In una dichiarazione aggiornata pubblicata sul suo sito web il 20 luglio, il distretto scolastico ha rilasciato un commento intitolato «correzione del verbale», che ha contestato diverse affermazioni su Thomas Matthew Crooks, l’uomo armato identificato dall’FBI, nei notiziari della scorsa settimana. In precedenza, il distretto aveva confermato che aveva frequentato la Bethel Park High School a Bethel Park, Pennsylvania, e che si era diplomato nel 2022.

 

«È stato riferito che Thomas Crooks era un membro della squadra di tiro della Bethel Park High School o che aveva fatto un provino per entrarci, ma è stato espulso a causa di scarse prestazioni o perché l’allenatore aveva dubbi sul suo carattere.
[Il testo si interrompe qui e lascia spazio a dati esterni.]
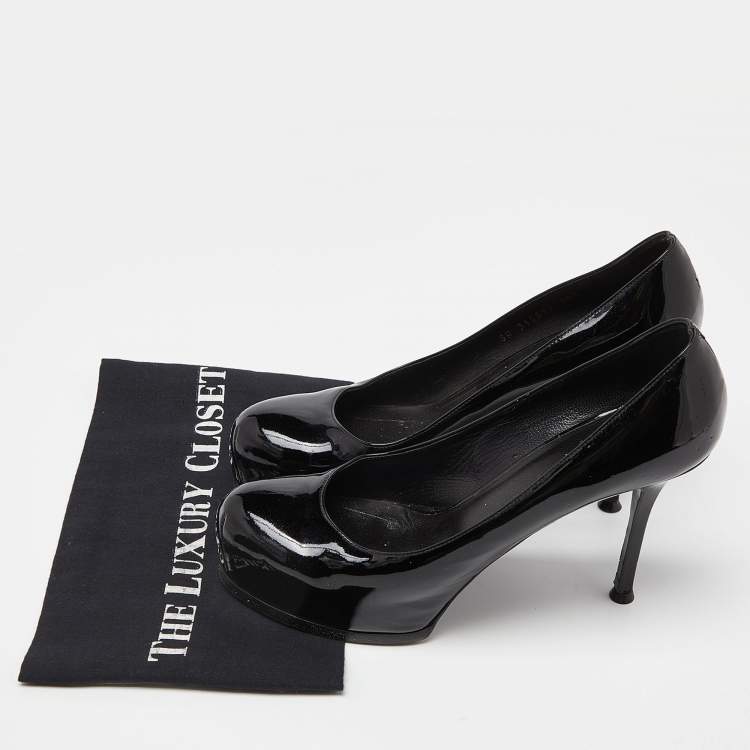 Pre Owned Yves Saint Laurent Black Patent Leather Tribtoo Platform Pumps Size 40.5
Thomas Crooks non è mai stato un membro della squadra di tiro della scuola e non abbiamo alcuna traccia di un suo provino», si legge nella dichiarazione.

L’allenatore della squadra, secondo la scuola, non ha alcun ricordo di aver incontrato il signor Crooks. Il sospettato potrebbe aver «informalmente partecipato a un allenamento, aver fatto un tiro e non essere mai tornato», ma la scuola non «ha alcuna traccia di ciò che è accaduto», secondo la dichiarazione.

 

Diversi compagni di classe e studenti che conoscevano il Crooks, 20 anni, hanno dichiarato ai media la scorsa settimana che era vittima di bullismo e hanno ipotizzato che questo possa aver avuto un ruolo nel tentato omicidio.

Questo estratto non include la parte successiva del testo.